(Beginning of Input for this task)

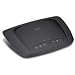 LINKSYS BY CISCO X2000-UK Linksys X2000 Advanced Wireless-N ADSL2+ Gateway Modem Router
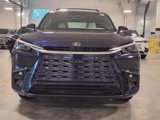 New 2025 Lexus TX 350 AWD image 2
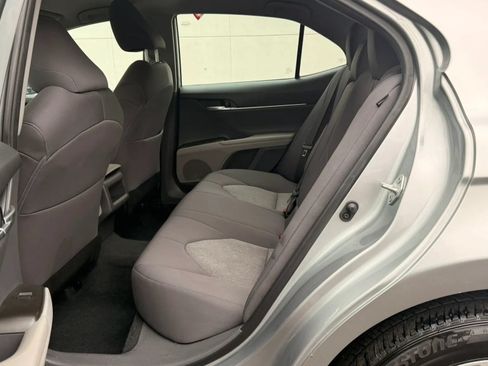Used 2024 Toyota Camry LE FWD image 13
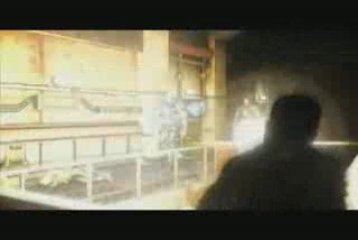 Terminator Action Attack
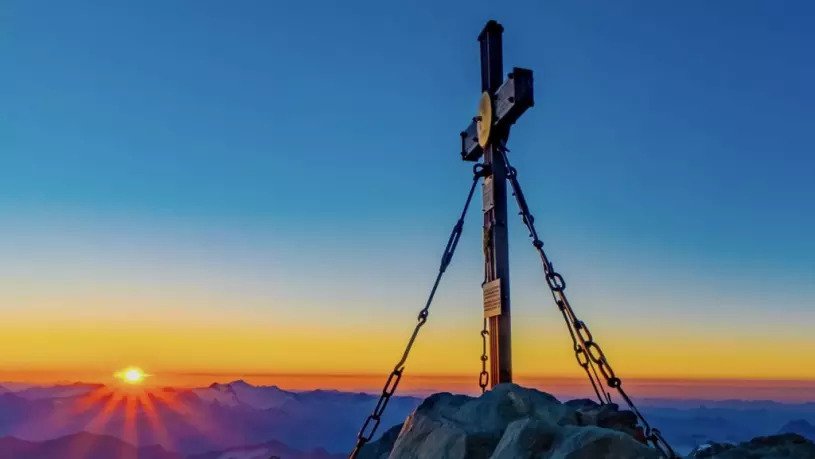 奥地利登山意外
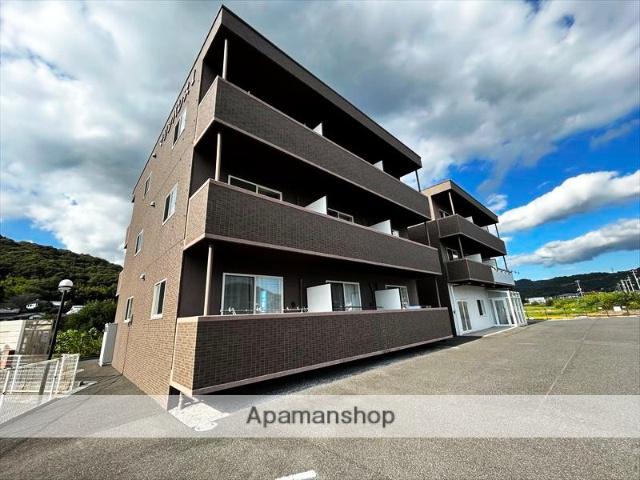 マリンパレスⅠ(1LDK/3階)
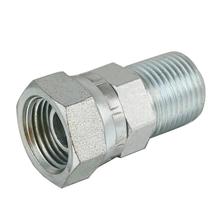 Moto G 1/2 "Covert para NPT 1/2" Adaptador de Rosca Fêmea Para Macho rosca Da Tubulação de Água 2024 - compre barato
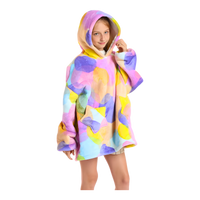 כירבולית שמיכה לילדים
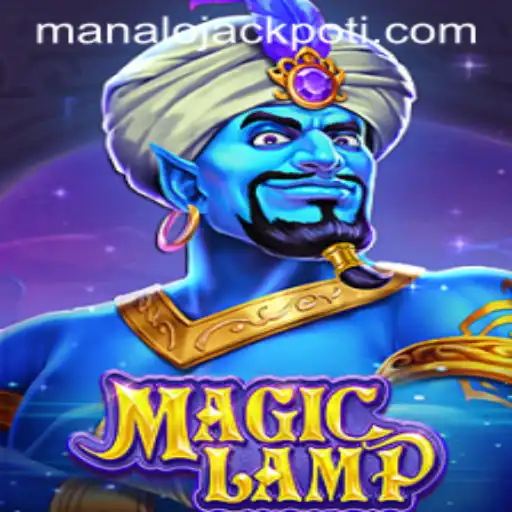 Discover the Enchantment of MagicLamp: MANALO JACKPOT's Newest Sensation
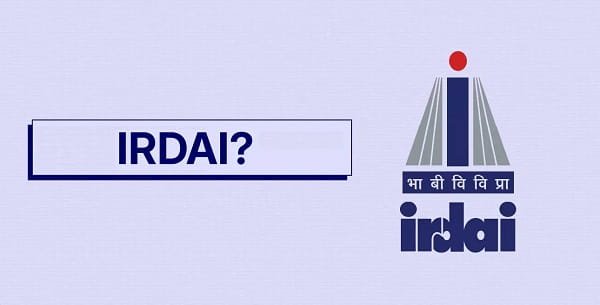 IRDAI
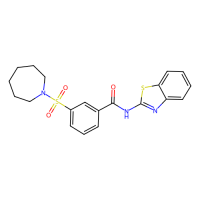 WAY-353519,690247-68-8,10mM in DMSO,阿拉丁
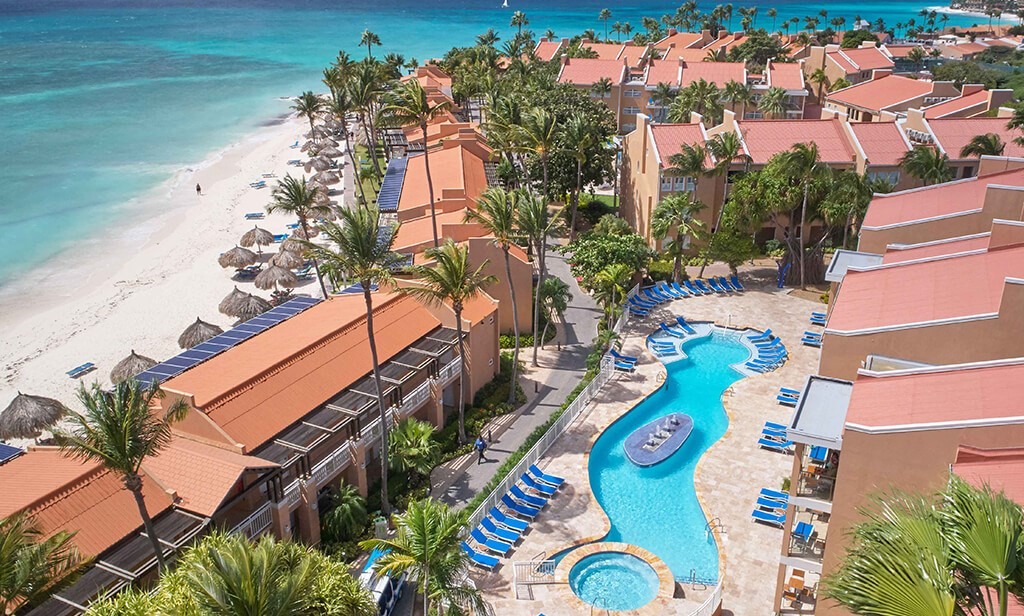 Divi Dutch Village Resort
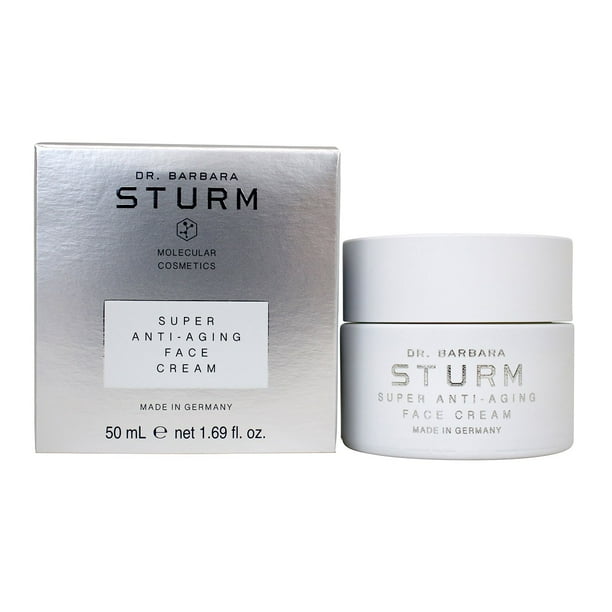 STURM Super Anti-Aging 目元クリーム 15ml [未開封] STURM Super Anti-Aging 目元クリーム 15ml [未開封]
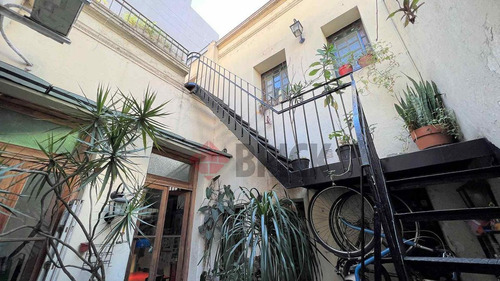 Imagen 3 de 30 de Ph S/exp C/escritorio En Ramirez De Velasco Al 1000 - Gran Tza Patio - Villa Crespo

(End of Input for this task)

#### Task to complete
With the pictures omitted, give every line above again exactly.

#### Response area
 LINKSYS BY CISCO X2000-UK Linksys X2000 Advanced Wireless-N ADSL2+ Gateway Modem Router
 New 2025 Lexus TX 350 AWD image 2
Used 2024 Toyota Camry LE FWD image 13
 Terminator Action Attack
 奥地利登山意外
 マリンパレスⅠ(1LDK/3階)
 Moto G 1/2 "Covert para NPT 1/2" Adaptador de Rosca Fêmea Para Macho rosca Da Tubulação de Água 2024 - compre barato
 כירבולית שמיכה לילדים
 Discover the Enchantment of MagicLamp: MANALO JACKPOT's Newest Sensation
 IRDAI
 WAY-353519,690247-68-8,10mM in DMSO,阿拉丁
 Divi Dutch Village Resort
 STURM Super Anti-Aging 目元クリーム 15ml [未開封] STURM Super Anti-Aging 目元クリーム 15ml [未開封]
 Imagen 3 de 30 de Ph S/exp C/escritorio En Ramirez De Velasco Al 1000 - Gran Tza Patio - Villa Crespo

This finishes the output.